今回は、「歴史文化基礎Ⅱ」で、日本近現代史系を選択した場合に即して、「歴史文化基礎Ⅱ」の授業を紹介します。
・
ワンクールのゼミは4週間でおこなわれます。
1週目は、日本近現代史ゼミを卒業したOGたちが、どのようなきっかけで卒業論文の研究テーマと出会い、深めていったかについて、さまざまな事例をもとに話されます。また3週目に向けて、歴史史料が提示され、その歴史史料から気づいたことを箇条書きにしてくる課題が課されます。
2週目は、先輩たちのゼミでの議論の動画を視聴し、学問的な議論のあり方を体得します。

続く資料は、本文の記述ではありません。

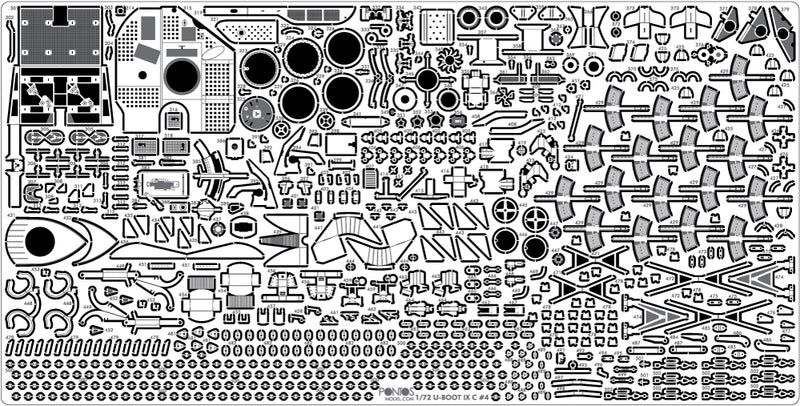 U-Boot Type IX C Detail up set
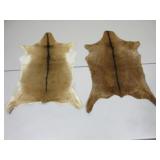 Two Goat Hides, Large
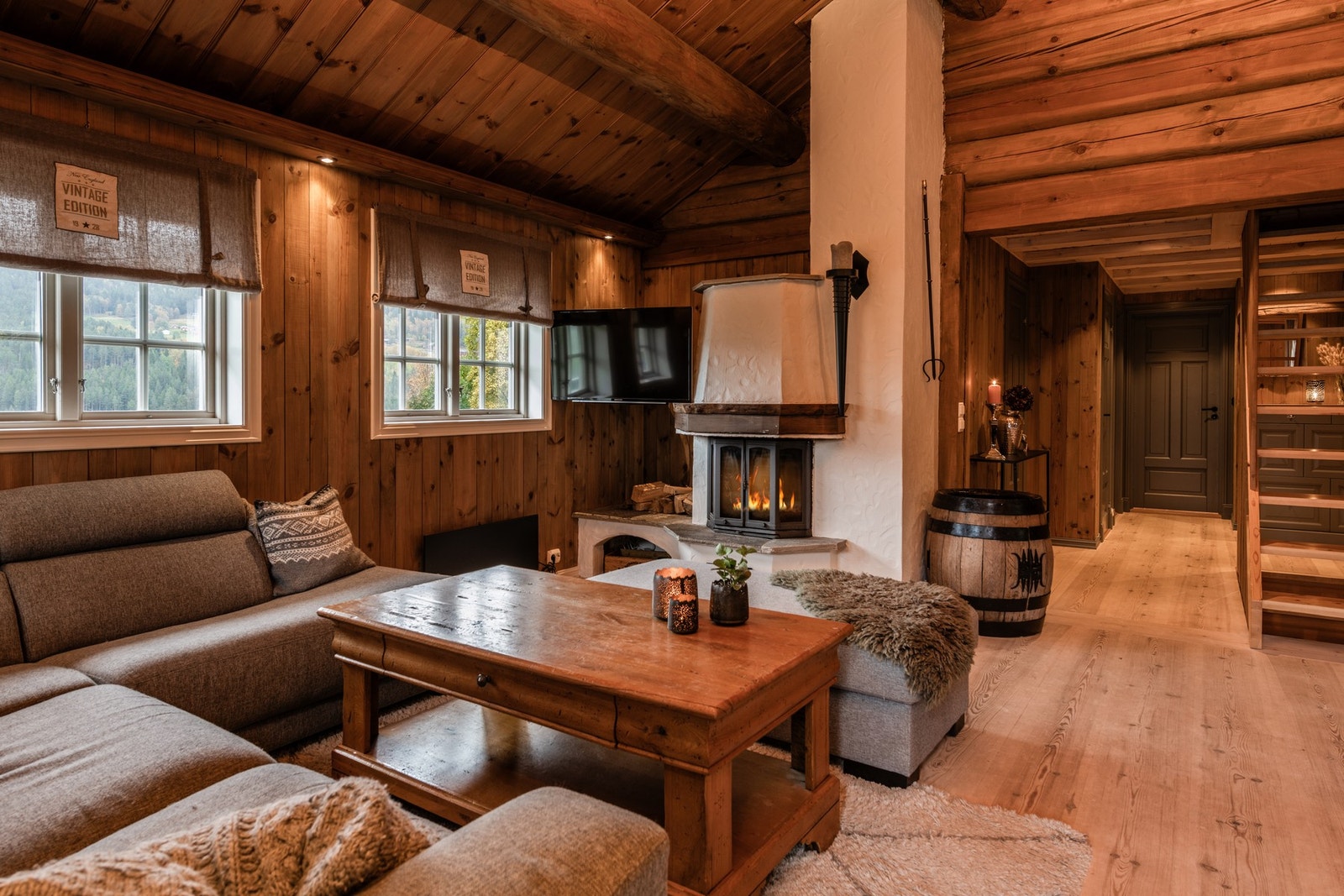 Hva med en filmkveld, etter en dag ute på ski? Galleribilde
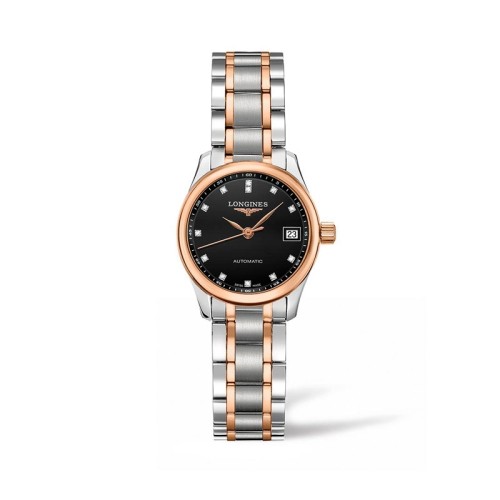 Reloj Longines Master Collection diamantes 25,5mm L2.128.5.59.7 Reloj Longines Master Collection diamantes 25,5mm L2.128.5.59.7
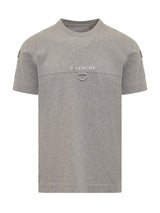 Givenchy T-shirt With Logo - Men - Piano Luigi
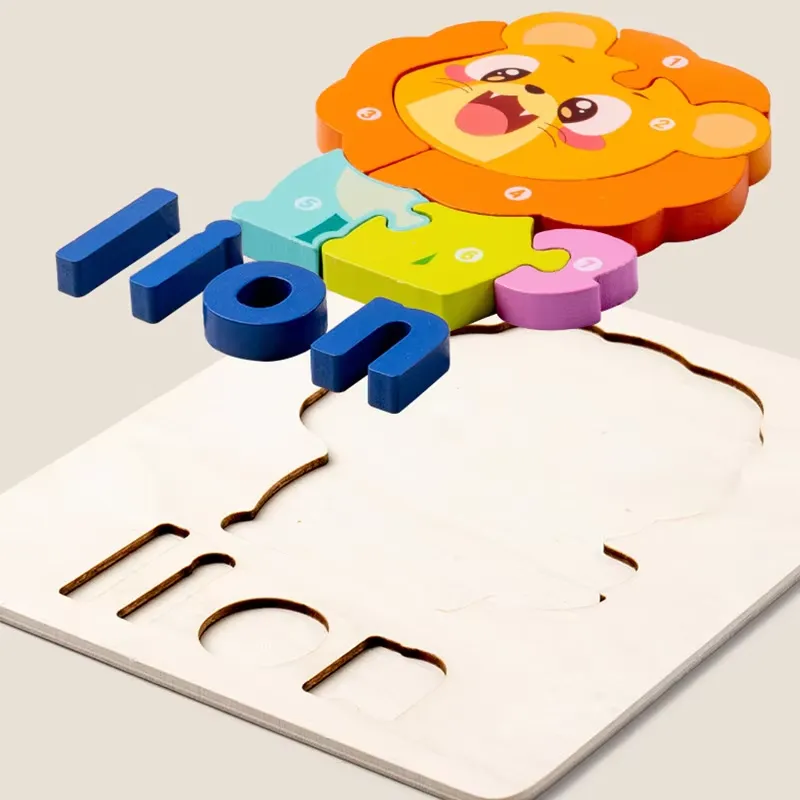 3D Animal Traffic Puzzle Spell - đánh giá và giá Board Game For Kids
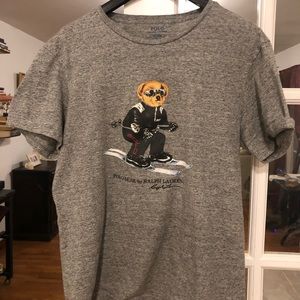 Exclusive Ralph Lauren Polo Bear tee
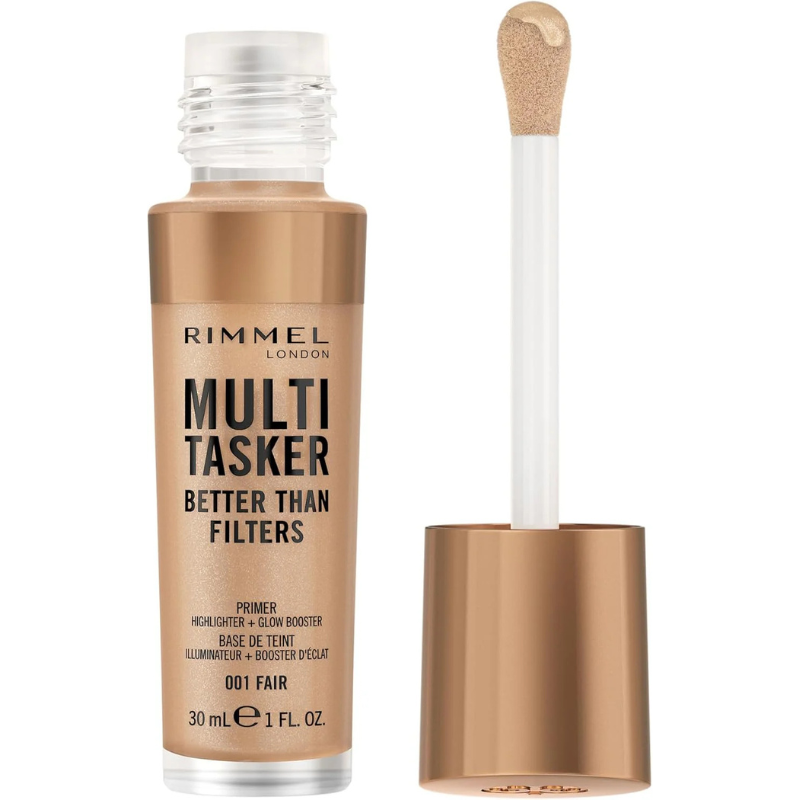Rimmel Multi Tasker Better Than Fillers Primer – 001 Fair, 30 ml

3週目は、1週目に出された課題に応じて、みんなで同じ史料を見て気づいたことをKJ法を用いて共有します。KJ法とは、メンバーそれぞれの気づきを付箋に書き出し、それを共有して分類することで、みんなが考えたことを寄せ集めて、さらに大きな気づきを得る方法です。
以下の写真はKJ法を行っている様子です。
みんなの気づきを記した付箋を並べ替えながら、史料に関わる論点が整理されていっている様子が分かりますね。この回のゼミでは2チームに分かれて作業をして、後半でそれぞれのチームの気づきを比較することで、自分たちが気づかなかった論点に気づく時間も設けました。
そして4週目では、KJ法で出された論点のうち、自分が最も興味を持った論点に絞って史料を読み直して気づいたことを受講生が相互に報告し合います。
・
このプロセスには歴史学の研究の真髄がつまっています。①史料全体をみて面白いと思う場所をたくさん抜き出す、②いろいろな気づきの中で自分が特に面白いと思ったことを選ぶ、③特に面白いと思ったことに即してもう一度史料を頭から読み直す。このプロセスは歴史学の根幹だといえます。
学生たちは、それぞれの学問分野の「学問する感覚」を体得し研究する感覚を身につけ、3年生の本格的な研究へとつなげていきます。